The city is now ensnared in a lawsuit after rejecting a family’s plan to erect a garage-sized structure in their backyard, despite city rules allowing these “accessory dwelling units.” ADUs are often referred to as mother-in-law suites, which is a euphemism that apparently convinced Blaine leaders they could predict who would live in them.
Four years after Blaine made ADUs legal, a family finally applied for one. Alex and Lynda Pepin said it was intended to be affordable housing for families needing a place to live, in line with the Christian mission of a nonprofit they founded focused on family homelessness.
The neighborhood went bananas — over the structure and who would occupy it. A petition was circulated. Yard signs were erected.
Despite a green light from city staff and the planning commission, the Blaine City Council kiboshed the permit in May. Council members said they thought the intent of the ADU ordinance was to create apartments for relatives. One complained that having two homes on the lot amounted to “high-density” housing, which nearly made me do a spit-take.

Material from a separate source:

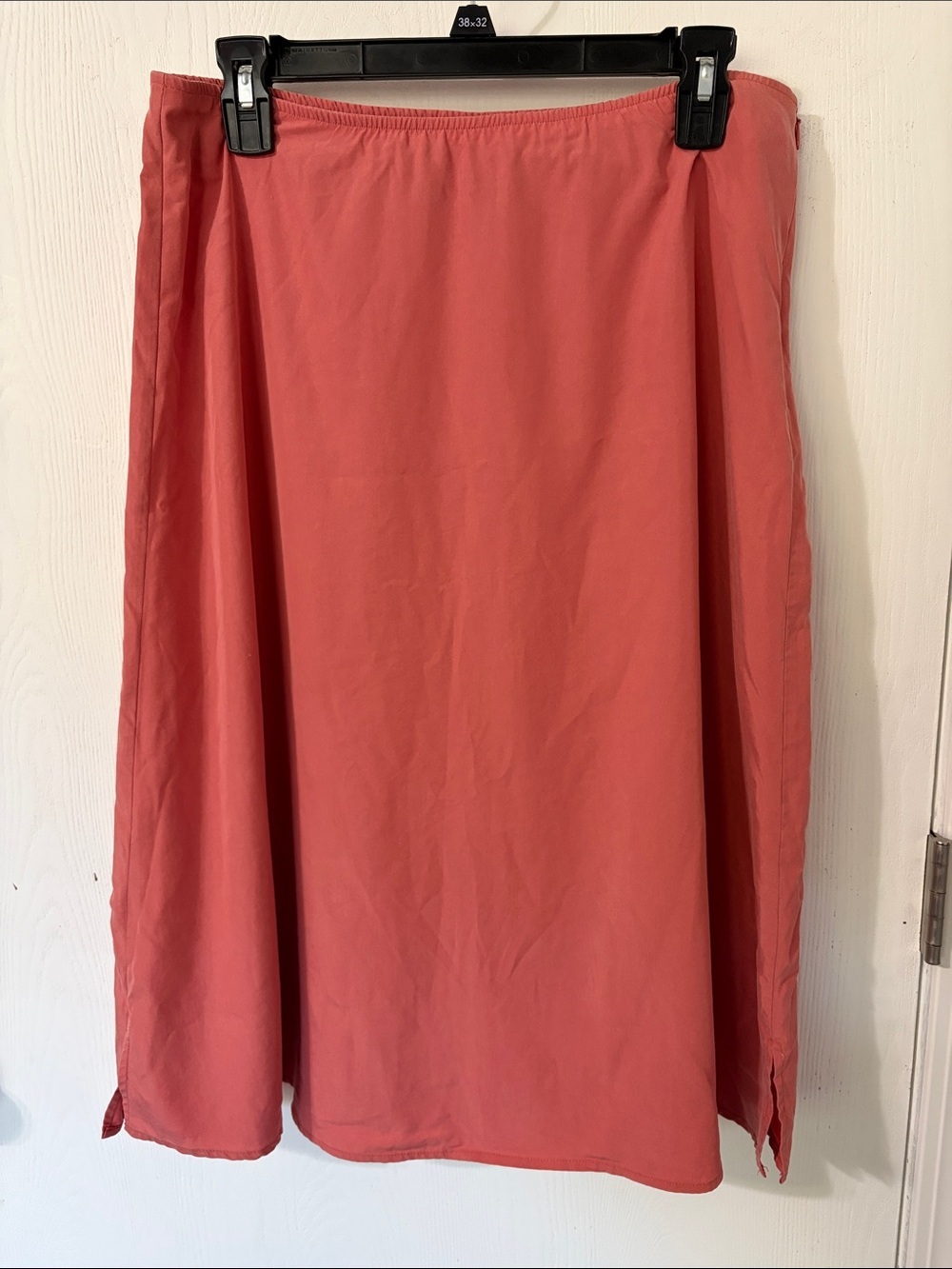 Eileen Fisher Crepe Silk Blend Coral Maxi A-Line Skirt Like New Sz Small Fit Med - Picture 2 of 7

The council later imposed a moratorium on ADUs. To be clear, allowing these structures is the least a city can do to bring more housing to single-family neighborhoods (i.e. most of our region’s neighborhoods).
The Pepins filed suit in early July. It’s worth highlighting that they are represented by a prominent libertarian-leaning law firm, Institute for Justice, as part of a national Zoning Justice project to “protect and promote the freedom to use property.” In other words, this isn’t some big city liberal agenda. It’s about property rights.